We wondered why so many more people responded this year. Maybe our readers are so sick of being invisible and unheard, they want to take the chance to have their say. More than 500 respondents also said they’d be willing to take part in further research. We’re only just testing whether this will translate into active engagement, like a consumer research panel made up only of people who are likely to have much less disposable income. If it does, we can dramatically improve the quality of intel available to policy-makers and service-designers by giving voice to people whose lived experience is their expertise.
Imagine if this had happened while Universal Credit was being dreamt up. Would the system have assumed people could wait weeks for a payment or manage their claim online? Our audience is not hard to reach, they are under-served. It is no more on them to make themselves reachable to policy-makers than mobility-disabled people must answer for the fact they can’t get up a flight of stairs. This is on the rest of us.
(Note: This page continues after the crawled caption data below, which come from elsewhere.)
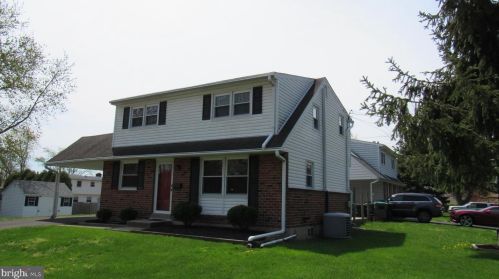 701 Cypress St, Lansdale, PA 19446-3920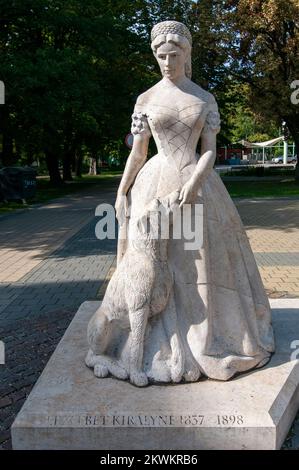 Statue d'Erzsebet Kiralyne, 1837-1898, Keszthely, Lac Balaton, Hongrie. Reine Elisabeth de Hongrie, impératrice d'Autriche, assassinée par un A. Banque D'Images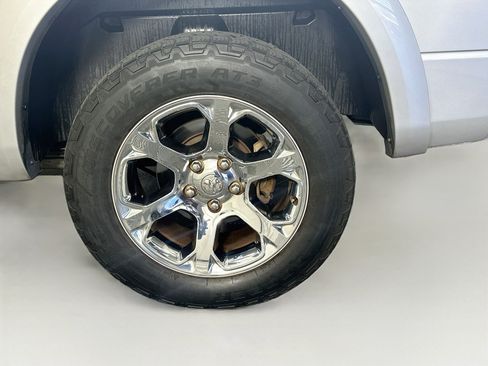 Used 2016 RAM 1500 Laramie AWD/4WD image 11
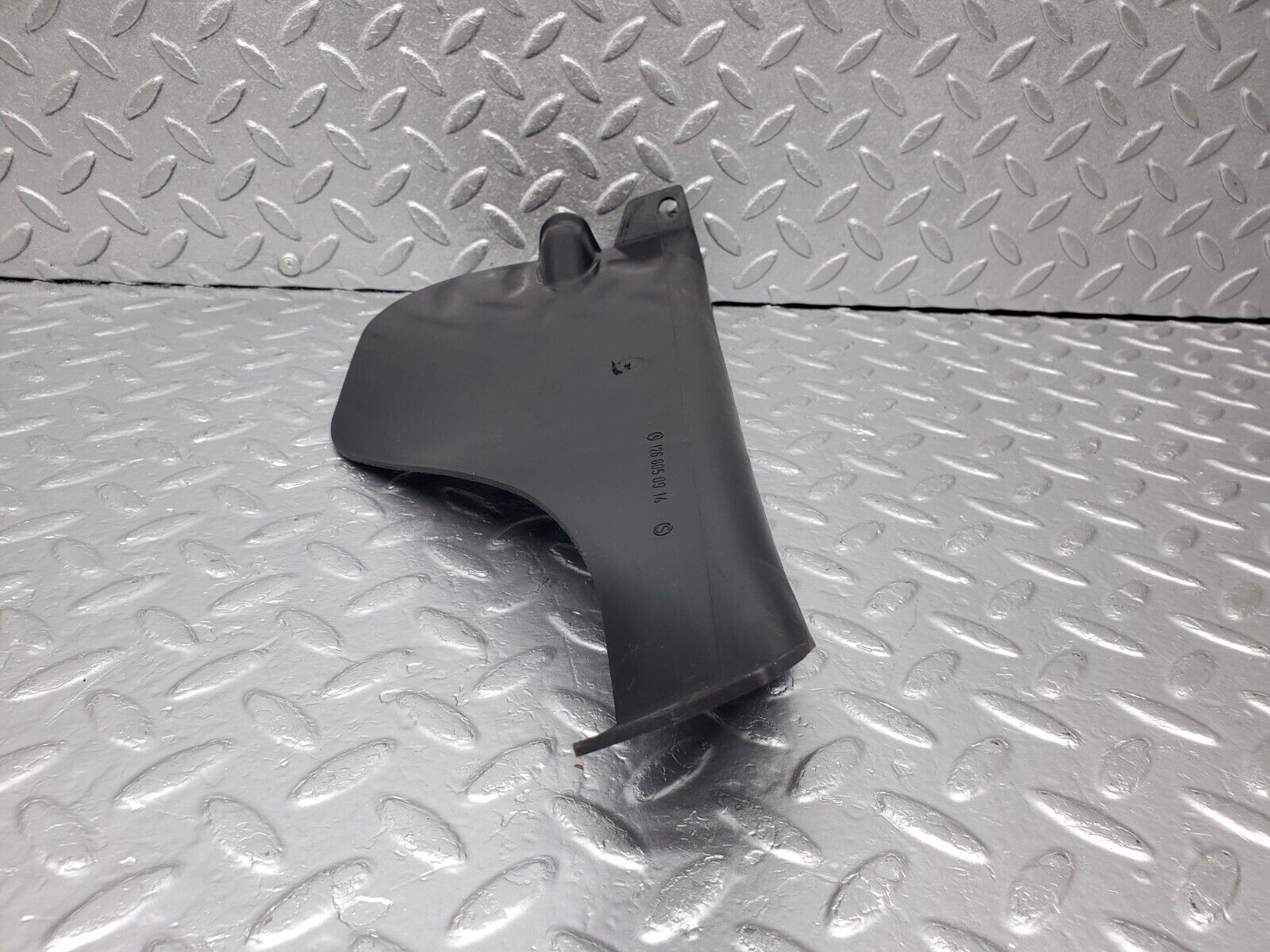 45630 Mercedes-Benz W126 420SE Vacuum Pump Housing Cover 1268050914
It is on policy-makers to meet ‘them’ on their terms, understand what’s in it for ‘them’ to engage, and to stop treating ‘them’ as them but as a part of our own community that ‘we’ have failed.
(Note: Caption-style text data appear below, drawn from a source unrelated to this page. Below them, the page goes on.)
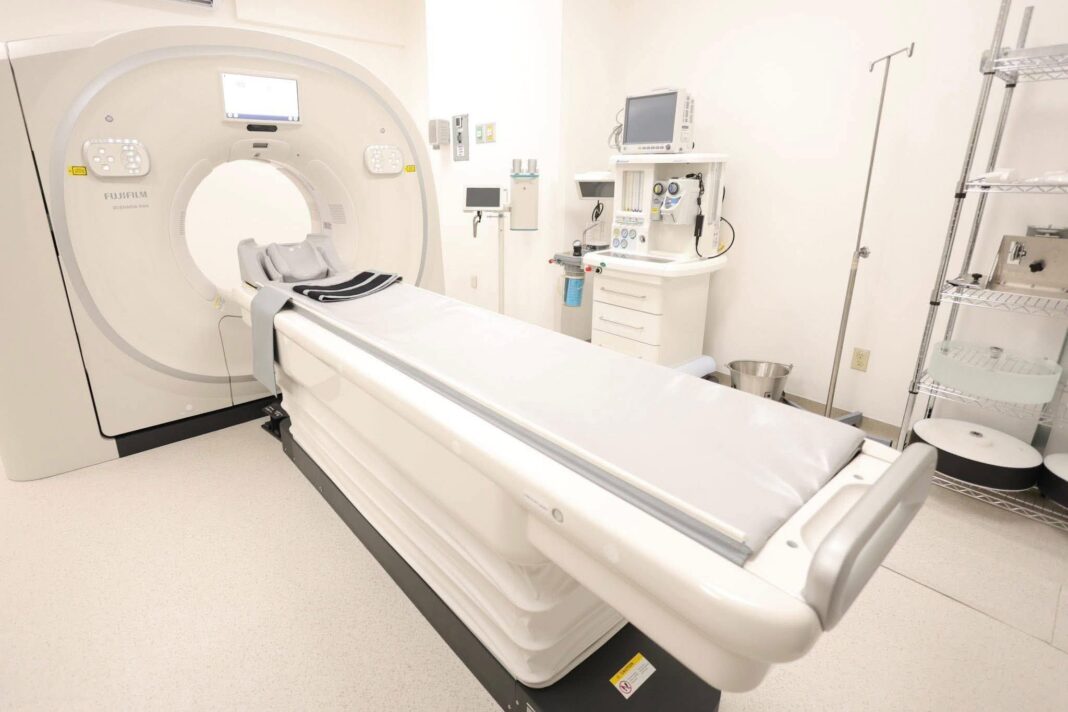 Gobierno de Oaxaca anuncia inversión para equipamiento médico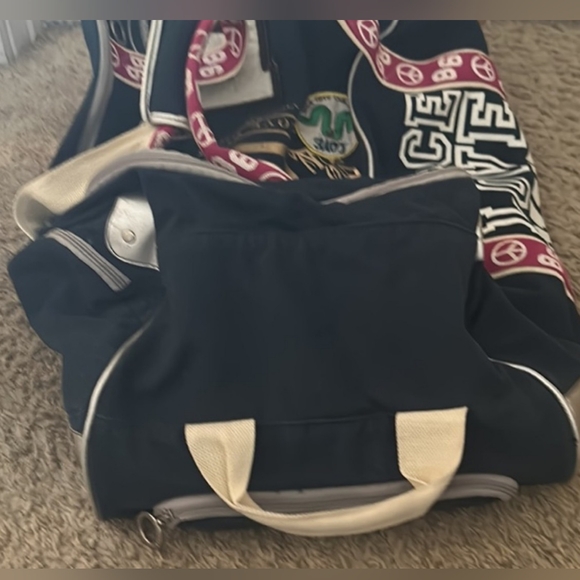 Pink univeesity luggage wheelie travel rare Love Peace - Picture 4 of 4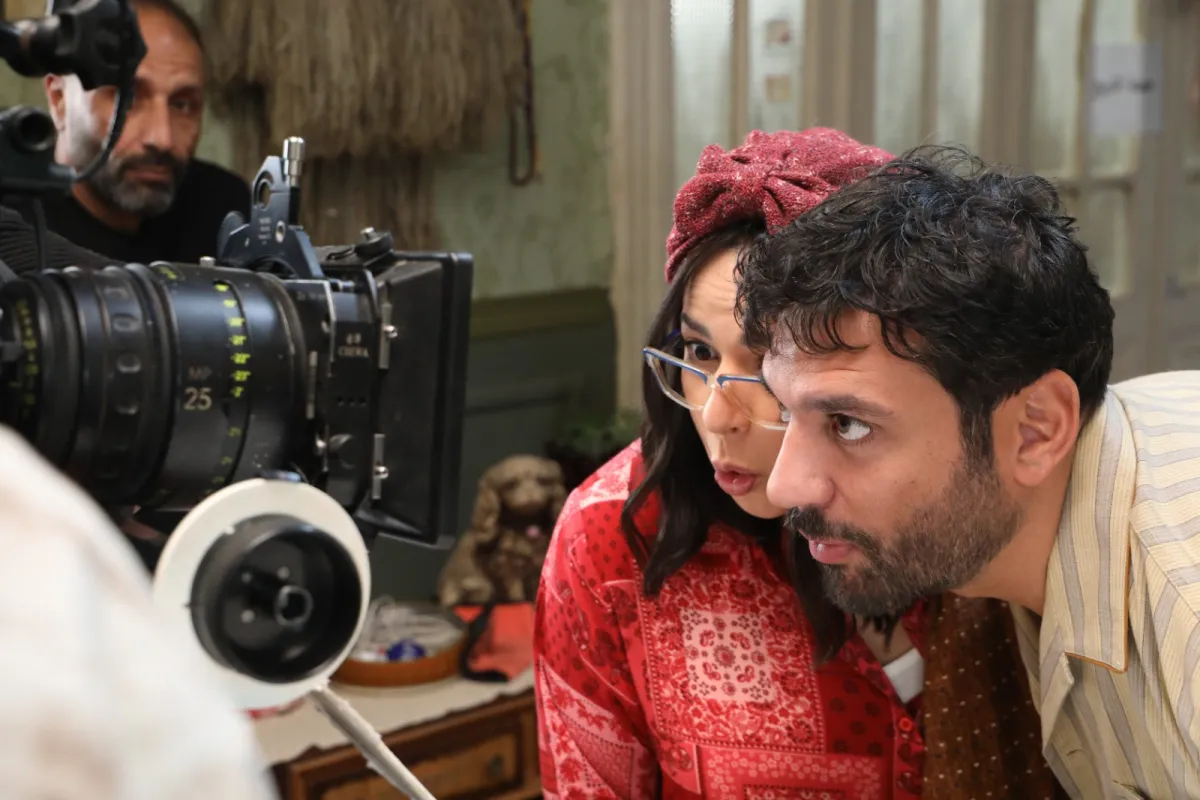 حسن وإيمى في مشهد من عقبال عندكوا - الصورة من الشركة المتحدة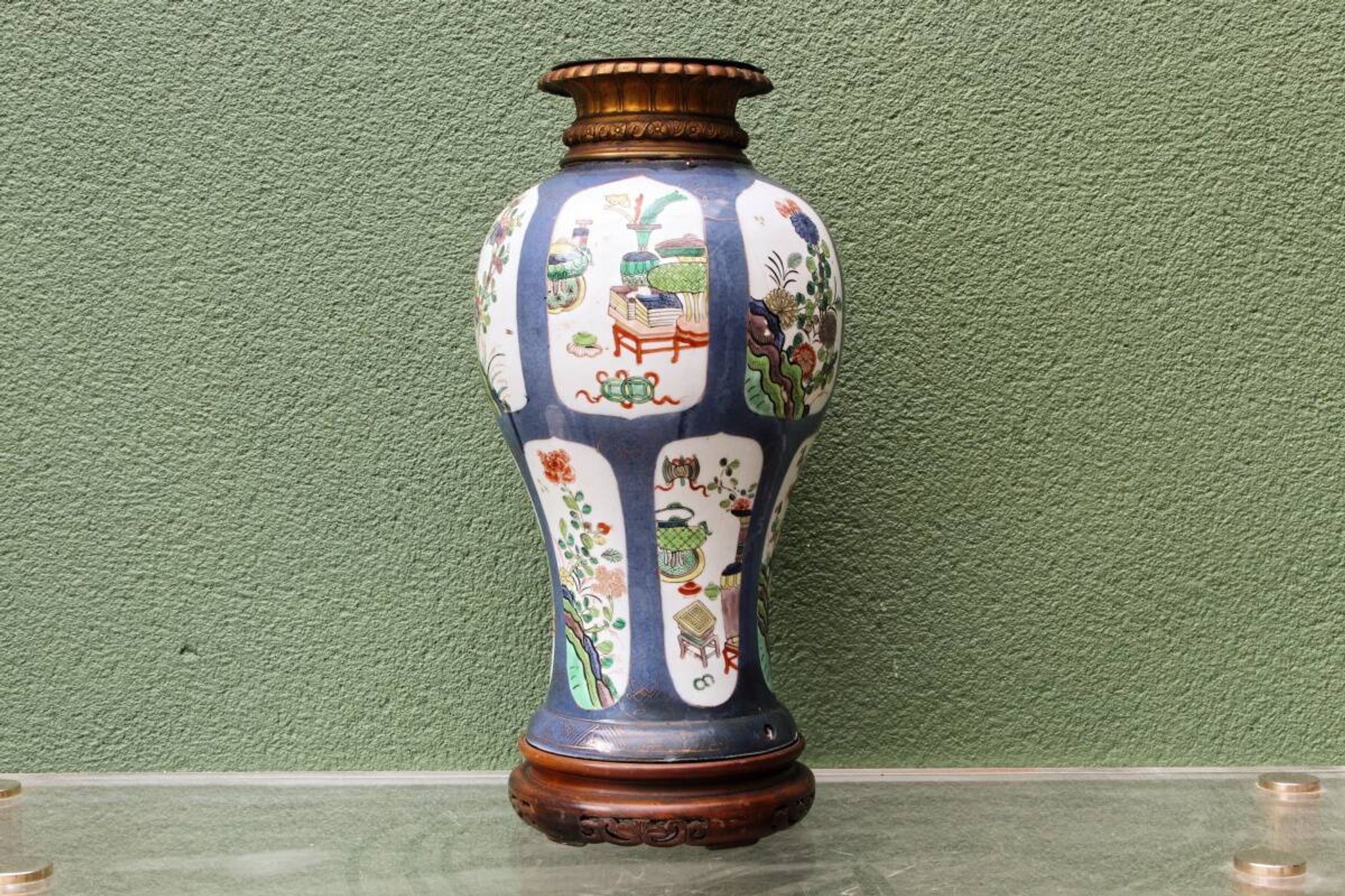Lamp base, Chinese porcelain, Kangxi style, late 19th century.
The Quids in! People’s Panel, and other community research programmes putting lived experience at their heart, can broker intelligence that makes public policy and services delivered by all sectors better. We can also provide visibility. People know they’re not being taken seriously. There’s a lot of frustration brewing into anger and it’s not just going to play out in how people vote – or don’t vote. People always find a way to be heard eventually and it’s often a shock to, literally, ‘the system’. We plan to build a community of our Quids in! readers and low-income service-users. It is the logical thing to want to do, harnessing the largest untapped asset – people themselves.
Take the blinkers off
Like government at all levels, many businesses seem to be failing this growing cohort of low-income households. That’s why they’re best described as ‘under- served’. But some are getting things right and seeing that, if made the right offer, engaging these millions could bring dividends. As reported in the lead article in our Quids In Pro newsletter, Greggs and Timpson for starters have recognised how this market can boost sales and fill vacancies. All of us, in all sectors, could achieve our organisational goals much better if we just took our blinkers off.
We sometimes say Clean Slate is ending poverty one person at a time. This can sound futile until you think of the 13+ million people as a force for change in their own right. It’s hard to generate word-of-mouth recommendations to read, watch, get in touch. It could be inauthentic, even. But if an organisation that sees its richest asset to be the poorest people it aims to bring on board can’t do it, I struggle to see who can. These experts extend our reach and can deepen our impact. Not only does this give them voice, all parts of the system join forces to bring down poverty.